4.4.1The Executive shall be eligible to receive (i) all earned but unpaid Base Salary and Consulting Fees, as applicable, through the effective date of such termination; (ii) a pro-rated Bonus (at Target), if any, for the portion of the Employment Period worked in the year of such termination to the extent not already paid by the Company for such portion of the Employment Period (it being understood that no duplication of such payment is intended); (iii) any accrued unused vacation earned for the period up to the effective date of such termination; (iv) any earned Bonus for the prior year if then unpaid (subject to the Payment Condition); and (v) all then unvested equity-based awards shall immediately vest (and, if applicable, any equity which has not then been granted pursuant to the terms hereof shall be immediately granted on a fully vested basis) (subject to the Payment Condition).
4.4.2The Company shall provide the Executive with a severance payment equal to twelve (12) months of his Base Salary and Bonus (at Target), which shall be payable within thirty (30) days after the completion of the eighteen (18)-month Term or such earlier time as the Executive experiences a “separation from service” (within the meaning of Xxxxxxx 000X xx xxx Xxxxxx Xxxxxx Internal Revenue Code of 1986, as amended (together with the applicable regulations thereunder, “Section 409A”)) and shall be subject to applicable statutory deductions and withholdings.
4.4.3The Executive shall also remain eligible to participate in the Group Benefits plans provided to him by the Company for twelve (12) months from the date of termination of employment or until the date on which the Executive obtains alternate benefit coverage, whichever occurs first, subject to plan terms and the agreement of the insurer. The Executive agrees that the Executive is required to notify the Company when the Executive obtains alternate benefit coverage. The Executive acknowledges that upon such date, all of his Group Benefits coverage shall immediately cease.
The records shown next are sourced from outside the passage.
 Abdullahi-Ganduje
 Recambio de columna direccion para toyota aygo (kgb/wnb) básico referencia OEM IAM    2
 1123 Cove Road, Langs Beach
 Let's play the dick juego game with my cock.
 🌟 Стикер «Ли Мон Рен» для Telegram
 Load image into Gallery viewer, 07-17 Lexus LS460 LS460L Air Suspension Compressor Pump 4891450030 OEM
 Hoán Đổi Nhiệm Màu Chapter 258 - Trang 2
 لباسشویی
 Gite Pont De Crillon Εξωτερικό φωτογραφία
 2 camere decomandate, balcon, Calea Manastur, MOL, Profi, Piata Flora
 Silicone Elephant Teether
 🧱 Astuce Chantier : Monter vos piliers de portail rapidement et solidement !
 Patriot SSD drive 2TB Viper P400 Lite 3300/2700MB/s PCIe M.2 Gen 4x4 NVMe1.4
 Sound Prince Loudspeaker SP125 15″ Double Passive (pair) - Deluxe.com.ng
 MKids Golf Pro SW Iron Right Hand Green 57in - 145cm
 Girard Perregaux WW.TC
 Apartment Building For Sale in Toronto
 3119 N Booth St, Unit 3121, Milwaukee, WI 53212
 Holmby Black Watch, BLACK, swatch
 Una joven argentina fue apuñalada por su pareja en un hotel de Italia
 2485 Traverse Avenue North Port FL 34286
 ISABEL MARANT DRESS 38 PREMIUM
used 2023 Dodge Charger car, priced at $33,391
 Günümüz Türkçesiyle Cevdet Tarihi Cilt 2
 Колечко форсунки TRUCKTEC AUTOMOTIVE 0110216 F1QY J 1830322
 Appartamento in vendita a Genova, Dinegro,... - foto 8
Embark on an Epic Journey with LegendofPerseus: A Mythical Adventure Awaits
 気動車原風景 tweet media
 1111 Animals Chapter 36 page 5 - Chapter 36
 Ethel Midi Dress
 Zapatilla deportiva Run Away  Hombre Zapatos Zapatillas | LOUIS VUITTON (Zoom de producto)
4.5Full and Final Satisfaction. The Parties agree that the termination entitlements set out in this Article 4 shall be provided in full and final satisfaction of the Company’s obligations to the Executive upon the termination or cessation of his employment and that the Executive shall sign and return a Full and Final Release in favor of the Group in the form attached as Exhibit B to this Agreement following the end of the Term or, if earlier, following the Executive’s “separation from service” (within the meaning of Section 409A). Further, the Executive acknowledges and agrees that upon receipt of his termination entitlements under this Article 4, the Company shall not have any further or other liability to the Executive whatsoever, except any liability pursuant to any indemnity agreement provided the Company to the Executive (subject only to Section 3.6 of this Agreement), and the Executive hereby waives any right that he has, or may have, to receive reasonable notice at common law or pay in lieu of such notice. Notwithstanding anything to the contrary, the Executive shall not be required to release any right the executive has to indemnity or to enforce any right of indemnity (including directors’ and officers’ liability insurance coverage) as a director or officer or a former director or officer of the Company or the Group.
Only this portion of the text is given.